The queries for these examples are the following:
- To find io written by males, we query for:
tok="io"& gender = "m"& #2_i_#1. That reads as: a token with the contents io and the gender m. The second attribute has to include the first (_i_).
- In the second example we are looking for different spelling variants for the standard spelling was. There are two attributes that can be used to this aim. Manually processed messages have the standard spelling in the layer gloss, automatically processed messages use the TreeTagger annotation tt_lem for lemma. If you are more interested in precision (i.e. if you only want to find samples that are most likely correctly annotated), your best guess is to use the annotation gloss. If, on the other hand, you focus on recall (ie. you want as many results as possible even if there might be some wrong annotations) you better use tt_lem. The according query would then look like:
tt_lem=/was/ & tt_pos="PRELS" & #1_=_#2. If we look at that in detail, we see the lemma was as a first attribute and the annotation for the relative pronoun as a second. Those two annotatations are on the same level and have to cover the same token (_=_).

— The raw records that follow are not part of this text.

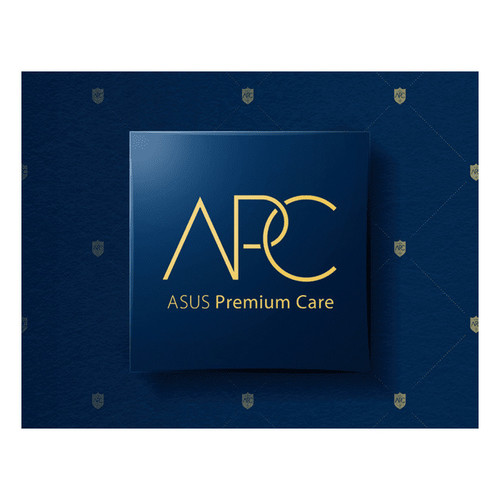 ASUS Garantia CARRY IN / ExpertBook B1-P1-B3-P3-B5-P5-B9 / Recogida y entrega + Servicio Bateria / Total a&ntilde;os 3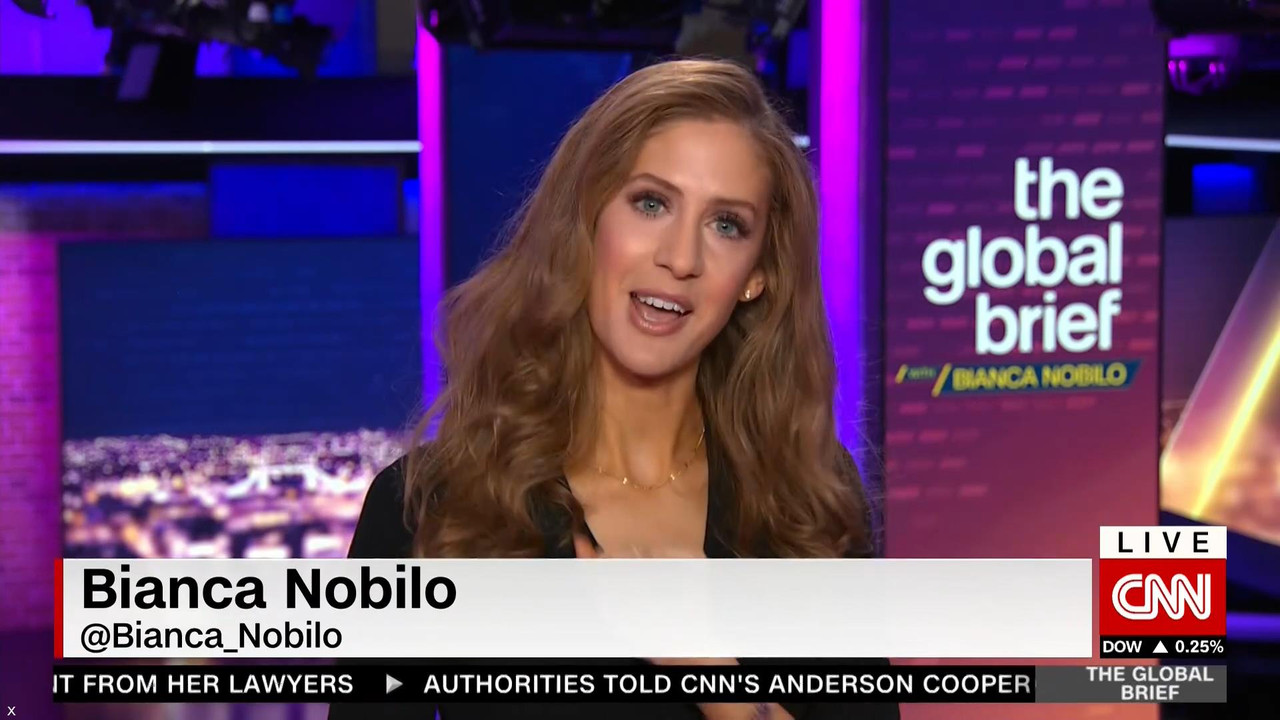 10.29 - 22.00.00 - The Global Brief with Bianca Nobilo. The Global Br....ts_snapshot_33.56_[2021.10.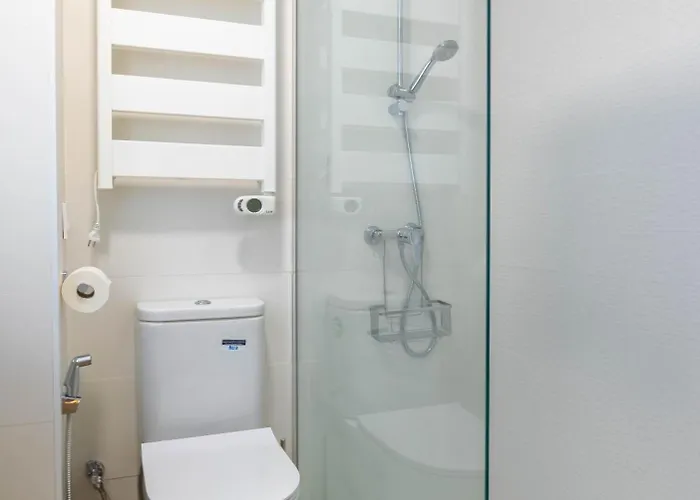 Inftour Medici 6l * Calpe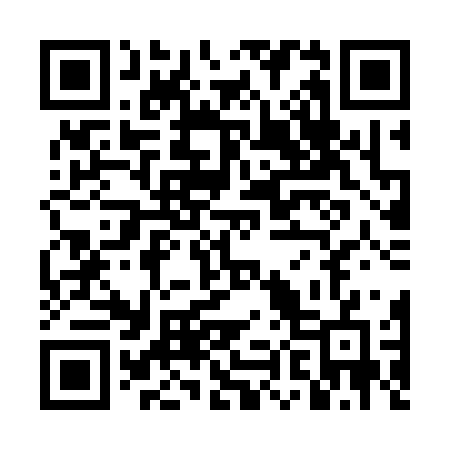 QR code for TH9S2G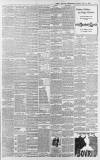 Chelmsford Chronicle Friday 21 November 1902 Page 7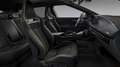 Kia EV6 GT AWD 77.4 kWh NIEUW   Uit voorraad Leverbaar!! - thumbnail 7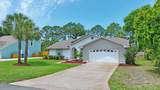 231 Boca Shores Drive - Photo 56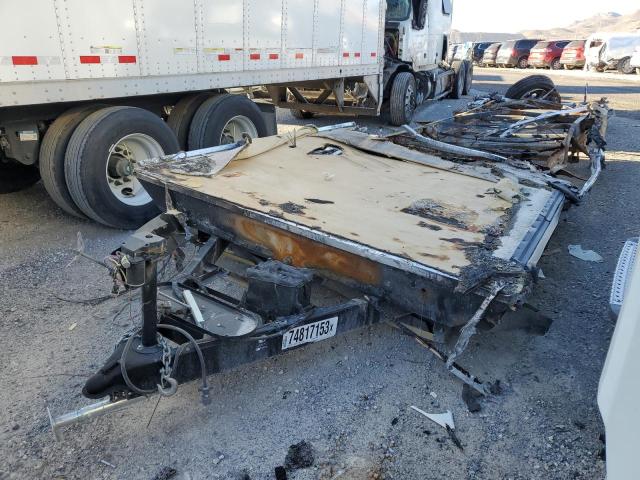 Image 2 of 2017 FRRV CARGO TRAI 2017 with VIN 4X4TRLJ22H1872507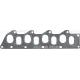 Прокладка впускного/випускного колектора REINZ 71-34411-00 для Renault Trafic 1.9dCi 2001-, Opel Vivaro 1.9 Di 2001-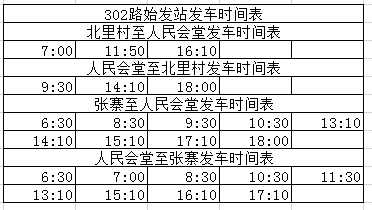 衡水市人口分配_衡水市地图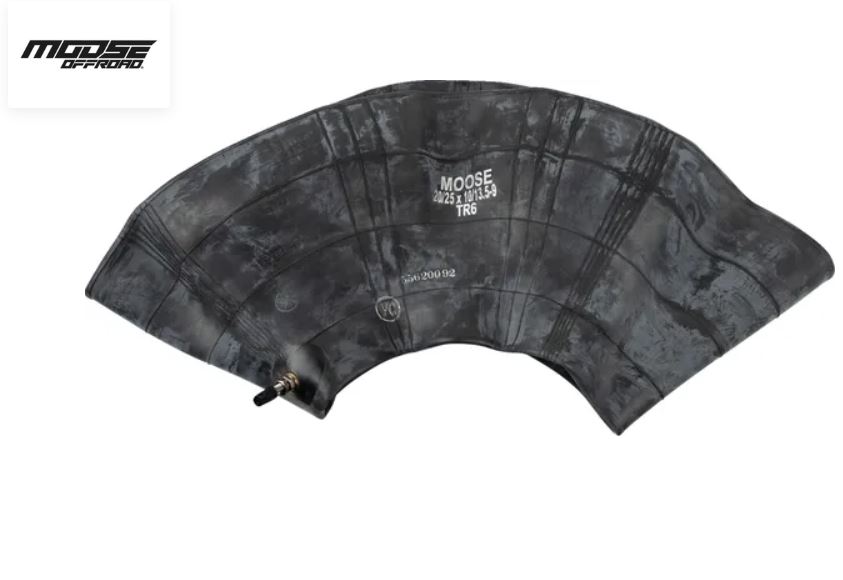 Innerslang 23x10.00-9 / 25x12.00-9 ATV & UTV – Heavy Duty - 2
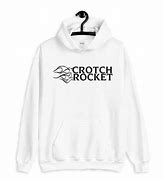 Image result for Glock Hoodie Size Large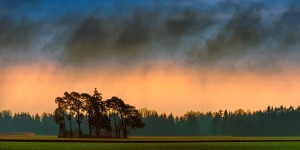 Beitragsbild des Blogbeitrags Wieso können wir nicht einfach glücklich sein?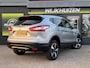 Nissan Qashqai 1.2 N-Connecta met Climate !!! Led !!!! Navigatie !!! Dealer Onderhouden !!!
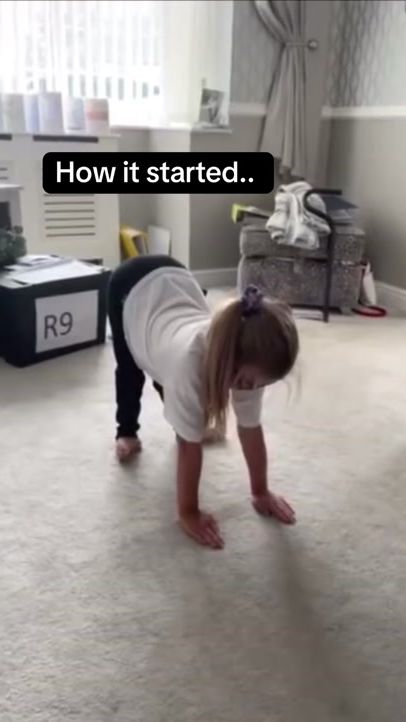 TikTok video thumbnail by ciaraheffernan2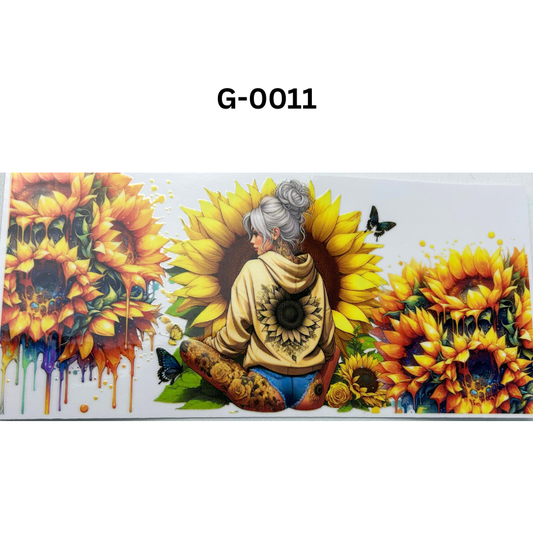 G-0011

- In the third example we look for two tokens, one directly following the other. Here, we could use one of the normalisations, too, i.e.
mftb_lem(the tagger used for French) or we could use the token. This choice depends on what we want to find. If we are after the spelling est-ce que used by the informant, we query for
tok=/…/. If, on the other hand, we want to include unconventional spellings like sq, we have to use
mftb_lem=/…/. Let us use the first option, which gives us the following query:
tok="est-ce" & tok="que" & #1 . #2, which we can read as: a first token est-ce and a second token que. The expression
#1 . #2means the first token has to directly precede the second one.
That much for the examples. But how can you remember all of these options? You do not have to, since ANNIS offers you lots of support in creation the queries.